(Brief descriptive captions)
----------------------------------------

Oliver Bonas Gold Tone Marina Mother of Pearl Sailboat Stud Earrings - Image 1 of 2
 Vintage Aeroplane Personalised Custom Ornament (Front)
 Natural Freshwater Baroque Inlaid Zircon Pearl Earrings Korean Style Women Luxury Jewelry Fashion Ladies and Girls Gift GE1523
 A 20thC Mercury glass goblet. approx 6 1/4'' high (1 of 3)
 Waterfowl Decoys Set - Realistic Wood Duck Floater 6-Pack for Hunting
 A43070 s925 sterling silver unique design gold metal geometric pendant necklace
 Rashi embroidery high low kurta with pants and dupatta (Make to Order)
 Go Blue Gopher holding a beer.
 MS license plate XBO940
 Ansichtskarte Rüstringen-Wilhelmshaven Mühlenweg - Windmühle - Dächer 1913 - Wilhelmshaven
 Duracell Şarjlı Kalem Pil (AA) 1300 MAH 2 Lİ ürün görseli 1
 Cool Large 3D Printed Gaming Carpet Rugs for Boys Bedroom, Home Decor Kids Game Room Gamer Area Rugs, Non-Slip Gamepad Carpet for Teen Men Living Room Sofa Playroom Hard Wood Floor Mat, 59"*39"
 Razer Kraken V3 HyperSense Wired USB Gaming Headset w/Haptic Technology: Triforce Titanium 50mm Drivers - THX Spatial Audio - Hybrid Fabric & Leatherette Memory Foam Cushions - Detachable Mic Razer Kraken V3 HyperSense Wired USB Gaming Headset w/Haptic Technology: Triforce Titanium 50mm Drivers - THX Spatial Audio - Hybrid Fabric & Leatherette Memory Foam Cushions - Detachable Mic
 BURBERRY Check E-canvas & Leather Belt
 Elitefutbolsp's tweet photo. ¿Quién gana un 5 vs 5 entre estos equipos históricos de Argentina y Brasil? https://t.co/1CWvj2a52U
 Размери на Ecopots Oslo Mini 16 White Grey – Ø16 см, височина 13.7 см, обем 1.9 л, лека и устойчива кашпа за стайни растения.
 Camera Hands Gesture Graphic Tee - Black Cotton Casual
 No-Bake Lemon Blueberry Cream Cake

----------------------------------------

» TASK ITEM: Reproduce exactly the lines from the one with "Ansichtskarte Rüstringen-Wilhelmshaven Mühlenweg" through the last line of the entries, keeping both of those lines and nothing else.

» YOUR SOLUTION:
 Ansichtskarte Rüstringen-Wilhelmshaven Mühlenweg - Windmühle - Dächer 1913 - Wilhelmshaven
 Duracell Şarjlı Kalem Pil (AA) 1300 MAH 2 Lİ ürün görseli 1
 Cool Large 3D Printed Gaming Carpet Rugs for Boys Bedroom, Home Decor Kids Game Room Gamer Area Rugs, Non-Slip Gamepad Carpet for Teen Men Living Room Sofa Playroom Hard Wood Floor Mat, 59"*39"
 Razer Kraken V3 HyperSense Wired USB Gaming Headset w/Haptic Technology: Triforce Titanium 50mm Drivers - THX Spatial Audio - Hybrid Fabric & Leatherette Memory Foam Cushions - Detachable Mic Razer Kraken V3 HyperSense Wired USB Gaming Headset w/Haptic Technology: Triforce Titanium 50mm Drivers - THX Spatial Audio - Hybrid Fabric & Leatherette Memory Foam Cushions - Detachable Mic
 BURBERRY Check E-canvas & Leather Belt
 Elitefutbolsp's tweet photo. ¿Quién gana un 5 vs 5 entre estos equipos históricos de Argentina y Brasil? https://t.co/1CWvj2a52U
 Размери на Ecopots Oslo Mini 16 White Grey – Ø16 см, височина 13.7 см, обем 1.9 л, лека и устойчива кашпа за стайни растения.
 Camera Hands Gesture Graphic Tee - Black Cotton Casual
 No-Bake Lemon Blueberry Cream Cake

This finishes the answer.